Jessie Franklin Turner
There has been a lot buzz surrounding renowned custom dressmaker Jessie Franklin Turner lately, what with her inclusion in the Costume Institute’s American Women exhibition as well as The Museum at FIT’s American Beauty, the many years deceased fashion maker is looking a bit like the Deb of the Year. Franklin Turner herself would have loved this renewed interest in her designs. She was a great believer in mining the past for inspiration and frequented the museum collections around New York City as part of her design process. Evidence of this interest can be seen is an image from the late 1930’s advertising Franklin Turner’s 410 Park Avenue store. Pseudo-Tudor style evening dresses of velvet, replete with a sheer faux chemise reveal at the neckline and a face framing headpiece is featured. Artistic license has been taken with the anachronistic leg-o-mutton sleeve. That the ensemble works harmoniously is the mark of a designer with an understanding for proportion regardless of historical reference.
Franklin Turner’ museum research was not limited to Western cultures. As we can see in the evening dress above, she was also greatly influenced by the shapes, forms and techniques of art works from various cultures across the globe. Franklin Turner, who was known to print and dye her own fabric, was perhaps at her best when balancing such exotically themed textiles with a fashionable silhouette, as she did early in her career with her critically praised tea gowns.
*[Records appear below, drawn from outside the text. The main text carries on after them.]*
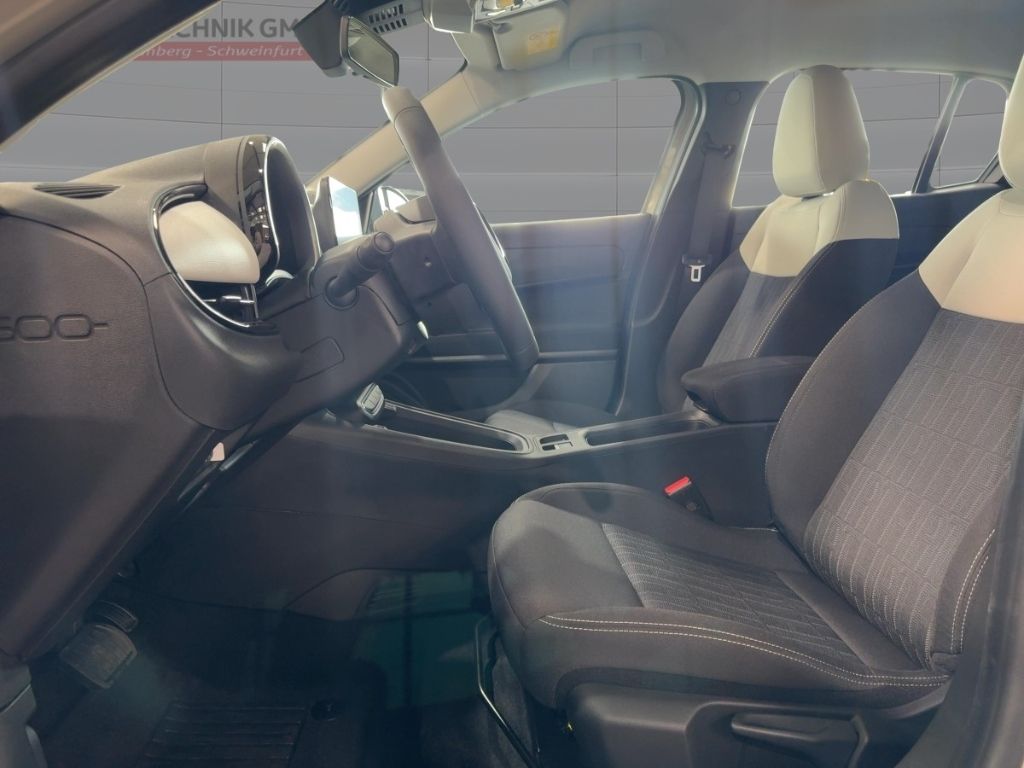 Fahrzeugabbildung Fiat 600 Hybrid Business Edition LMF ALWETTER, PDC, N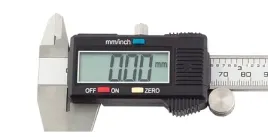 suwmiarka-elektroniczna-pro-150-mm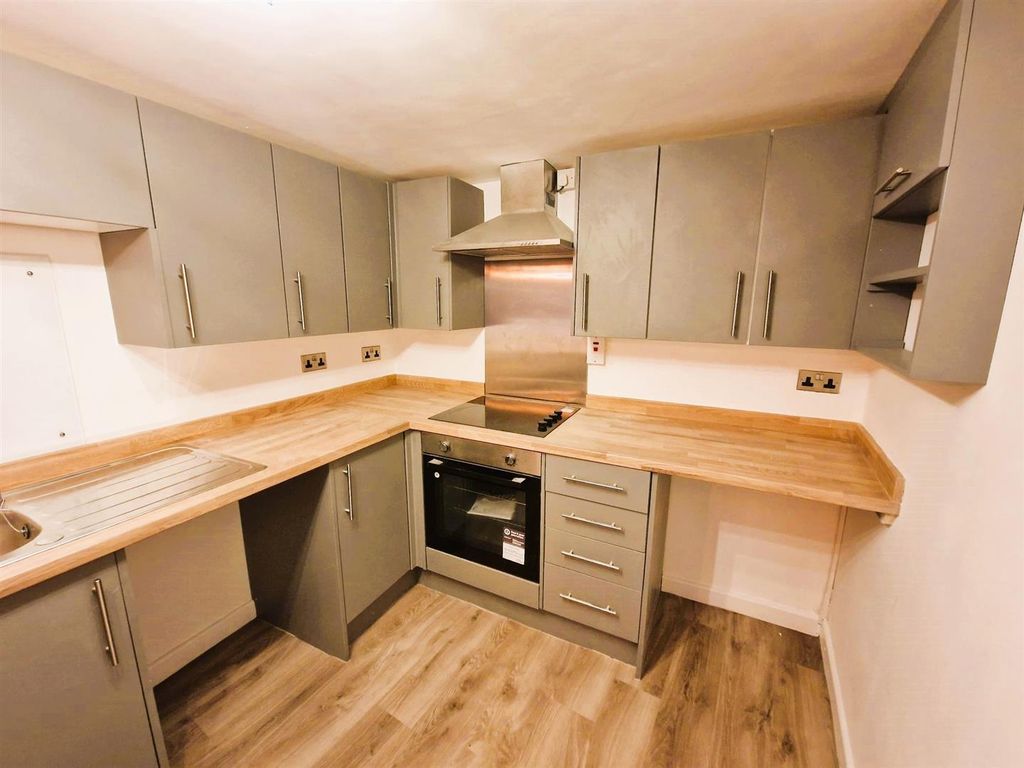 Property photo 3 of 15 1000085608.Jpg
The evening dress pictured above is an example of a non western inspired textile design married with a current profile. From the Parsons Fashion Archive via the Costume Institute at the Metropolitan Museum of Art, the dress is a sumptuous piece made with an elongated bodice of golden hued brocade and a skirt is of sumptuous silk velvet, the quality of which is, rarely if ever, seen today. With an extraordinary rich hand that literally flows around the wearer’s legs the velvet ends in an asymmetrical hemline that was very much on trend toward the end of the 1920’s as the short skirted garb of the flapper transitioned to the long bias cut glamour of 1930’s evening wear. The absence of a defined waistline further signifies the garment’s chicness.
Turner retired from fashion around 1942. Now, nearly seventy years later are we ripe to feel her influence all over again?